Write out the entire listing below exactly, with the pictures left out.

*** Given material ***

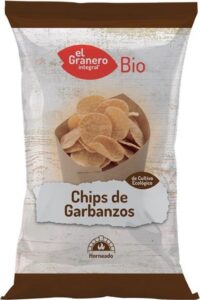 Granero Crisps De Garbanzos Organic 80g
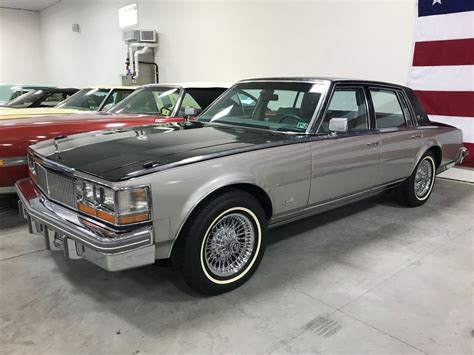 1979 cadillac seville elegante sedan.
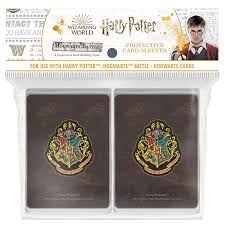 Harry Potter: Hogwarts Battle DBG  - Card Sleeves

*** End of Given material ***

• [Finished exercise]
 Granero Crisps De Garbanzos Organic 80g
 1979 cadillac seville elegante sedan.
 Harry Potter: Hogwarts Battle DBG  - Card Sleeves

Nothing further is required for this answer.